- WHAT YOU SHOULD DO -
Give back the full listing, character for character, with no pictures.

──────── SUPPLIED MATERIAL

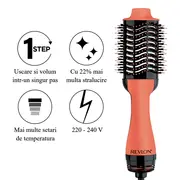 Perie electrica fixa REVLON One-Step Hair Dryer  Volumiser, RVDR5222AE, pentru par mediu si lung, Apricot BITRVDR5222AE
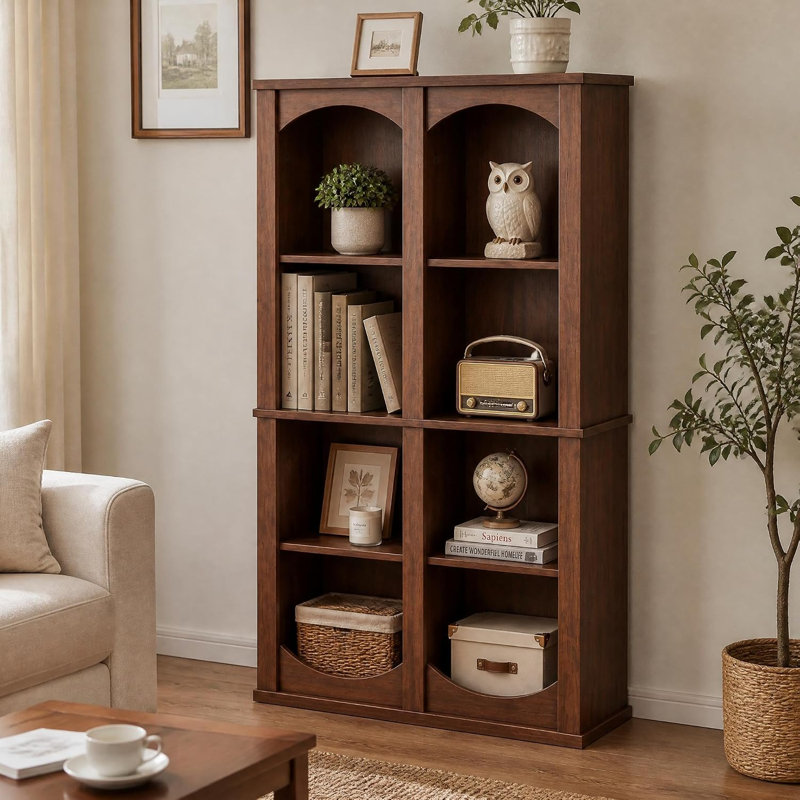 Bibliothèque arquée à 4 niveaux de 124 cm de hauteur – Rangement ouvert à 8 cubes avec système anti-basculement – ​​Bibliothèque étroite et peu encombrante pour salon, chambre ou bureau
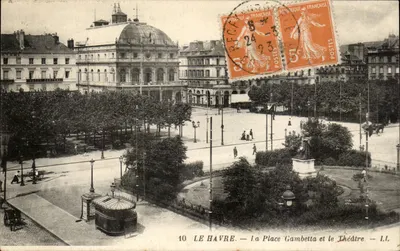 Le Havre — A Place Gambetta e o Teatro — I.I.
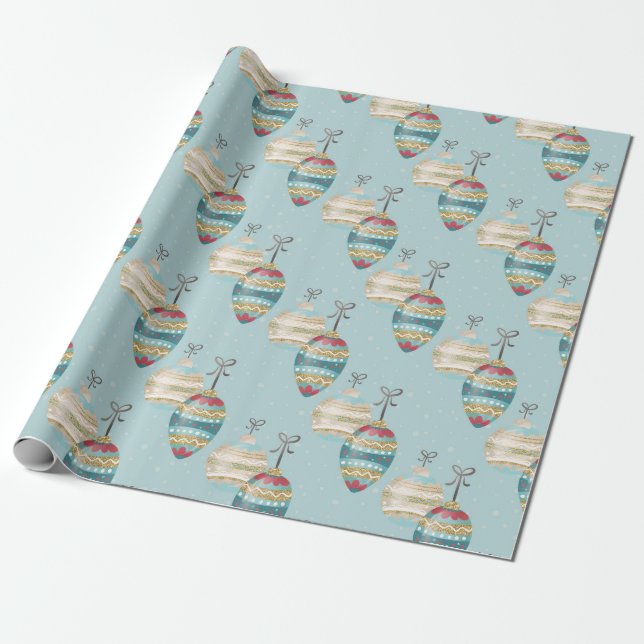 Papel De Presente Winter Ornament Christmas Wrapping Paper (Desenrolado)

────────────────

- TASK ANSWER -
 Perie electrica fixa REVLON One-Step Hair Dryer  Volumiser, RVDR5222AE, pentru par mediu si lung, Apricot BITRVDR5222AE
 Bibliothèque arquée à 4 niveaux de 124 cm de hauteur – Rangement ouvert à 8 cubes avec système anti-basculement – ​​Bibliothèque étroite et peu encombrante pour salon, chambre ou bureau
 Le Havre — A Place Gambetta e o Teatro — I.I.
 Papel De Presente Winter Ornament Christmas Wrapping Paper (Desenrolado)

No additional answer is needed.